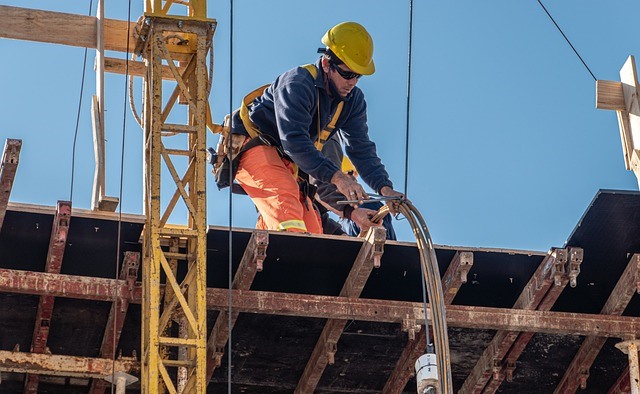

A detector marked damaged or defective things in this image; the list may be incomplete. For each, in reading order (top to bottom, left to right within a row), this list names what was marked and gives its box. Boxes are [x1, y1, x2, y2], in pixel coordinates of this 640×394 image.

rusty beam [0, 139, 21, 231]
rusty beam [23, 202, 70, 392]
rusty beam [0, 350, 137, 378]
rusty beam [87, 252, 140, 394]
rusty beam [204, 231, 266, 382]
rusty beam [1, 270, 640, 338]
rusty beam [294, 228, 384, 394]
rusty beam [382, 251, 472, 392]
rusty beam [460, 248, 568, 392]
rusty beam [556, 254, 640, 392]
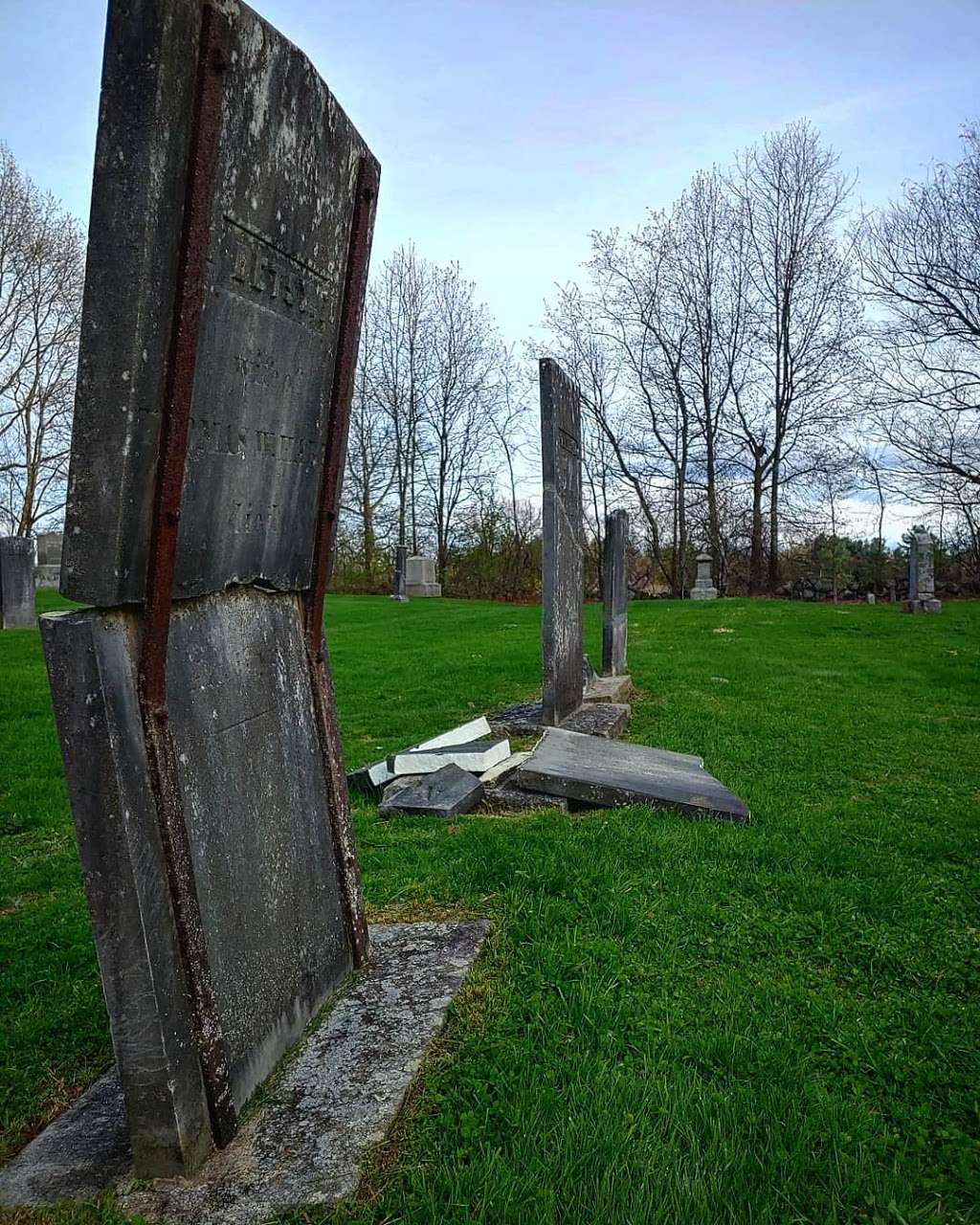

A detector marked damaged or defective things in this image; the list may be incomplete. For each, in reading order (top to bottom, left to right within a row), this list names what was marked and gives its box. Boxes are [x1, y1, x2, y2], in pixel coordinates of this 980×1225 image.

rusty iron support [137, 0, 236, 1148]
rusty iron support [304, 155, 381, 965]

======

TRY IT:
In the copy, keep every line of the data above exactly and drop each picture.

RESULT:
A detector marked damaged or defective things in this image; the list may be incomplete. For each, in reading order (top to bottom, left to right within a row), this list names what was marked and gives its box. Boxes are [x1, y1, x2, y2], in pixel coordinates of this 640×394 image.

rusty beam [0, 139, 21, 231]
rusty beam [23, 202, 70, 392]
rusty beam [0, 350, 137, 378]
rusty beam [87, 252, 140, 394]
rusty beam [204, 231, 266, 382]
rusty beam [1, 270, 640, 338]
rusty beam [294, 228, 384, 394]
rusty beam [382, 251, 472, 392]
rusty beam [460, 248, 568, 392]
rusty beam [556, 254, 640, 392]

A detector marked damaged or defective things in this image; the list may be incomplete. For each, in reading order (top to bottom, left to right within a row), this list names what was marked and gives its box. Boxes are [x1, y1, x2, y2], in pixel coordinates of this 980×1225 image.

rusty iron support [137, 0, 236, 1148]
rusty iron support [304, 155, 381, 965]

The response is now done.